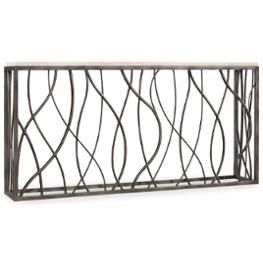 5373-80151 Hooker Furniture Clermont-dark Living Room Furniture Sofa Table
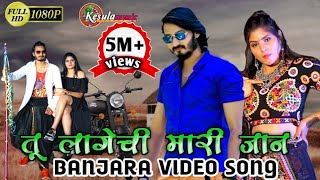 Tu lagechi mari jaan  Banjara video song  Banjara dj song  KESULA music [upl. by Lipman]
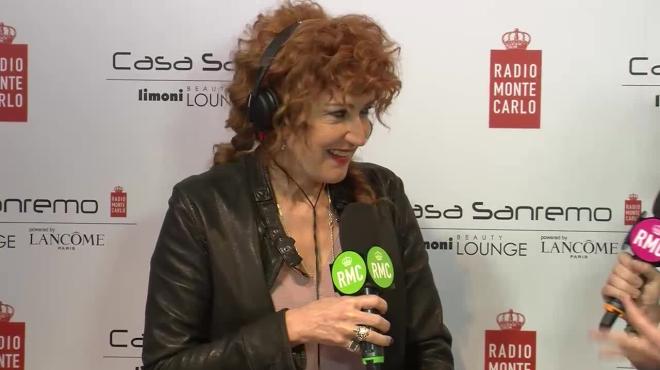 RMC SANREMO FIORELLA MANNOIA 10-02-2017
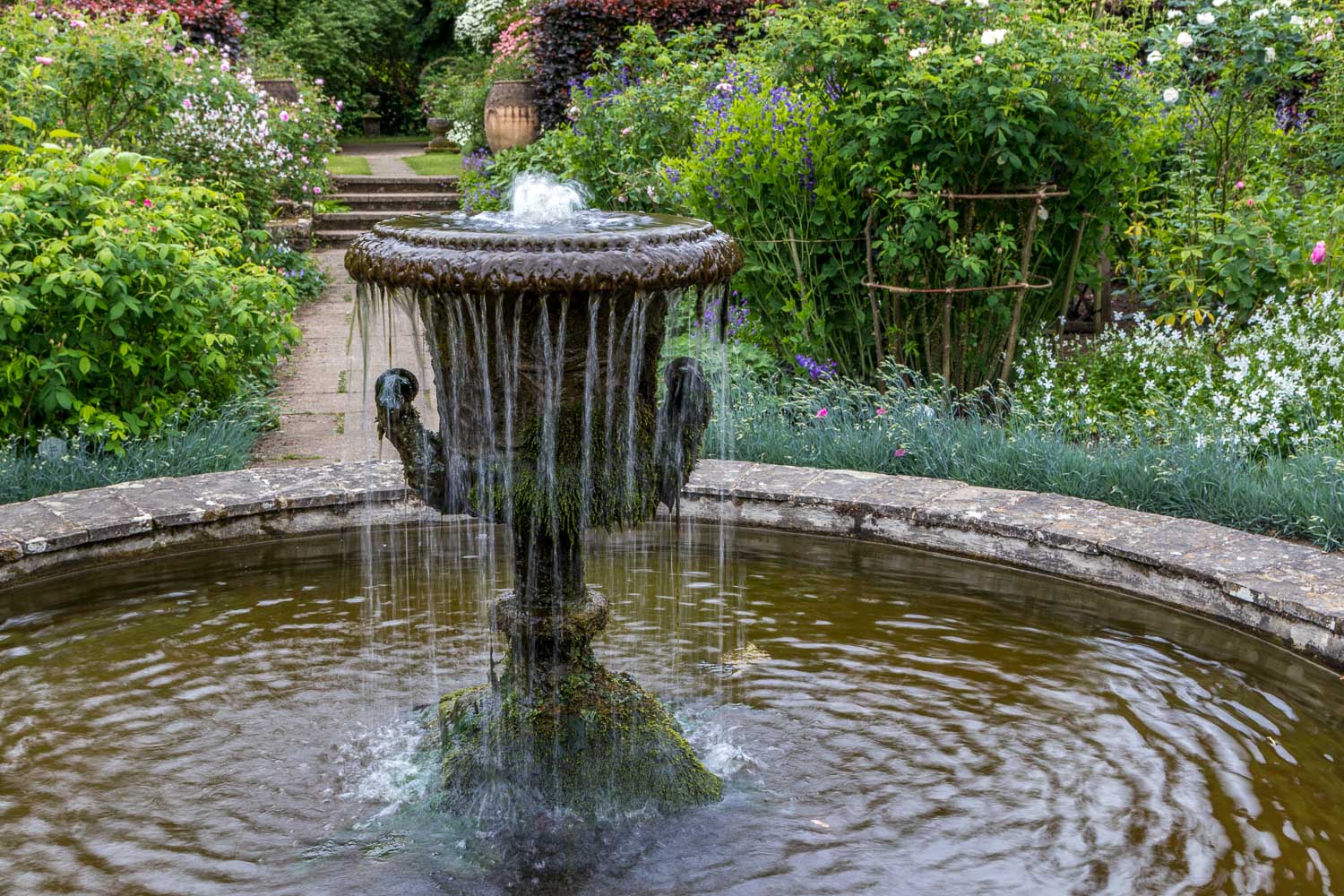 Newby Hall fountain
--
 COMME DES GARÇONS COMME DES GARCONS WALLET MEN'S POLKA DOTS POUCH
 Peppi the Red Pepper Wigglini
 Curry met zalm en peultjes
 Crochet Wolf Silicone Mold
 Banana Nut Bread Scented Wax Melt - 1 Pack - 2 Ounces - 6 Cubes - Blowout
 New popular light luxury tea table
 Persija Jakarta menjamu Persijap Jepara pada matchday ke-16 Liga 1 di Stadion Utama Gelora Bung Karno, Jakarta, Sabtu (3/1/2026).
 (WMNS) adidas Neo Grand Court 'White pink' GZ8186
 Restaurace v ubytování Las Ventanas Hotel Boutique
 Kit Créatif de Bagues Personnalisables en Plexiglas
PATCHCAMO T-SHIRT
--
Starting at the line that contains "Curry met zalm en peultjes" and stopping after the line that contains "(WMNS) adidas Neo", write out every line exactly as it appears above, and no other line.

 Curry met zalm en peultjes
 Crochet Wolf Silicone Mold
 Banana Nut Bread Scented Wax Melt - 1 Pack - 2 Ounces - 6 Cubes - Blowout
 New popular light luxury tea table
 Persija Jakarta menjamu Persijap Jepara pada matchday ke-16 Liga 1 di Stadion Utama Gelora Bung Karno, Jakarta, Sabtu (3/1/2026).
 (WMNS) adidas Neo Grand Court 'White pink' GZ8186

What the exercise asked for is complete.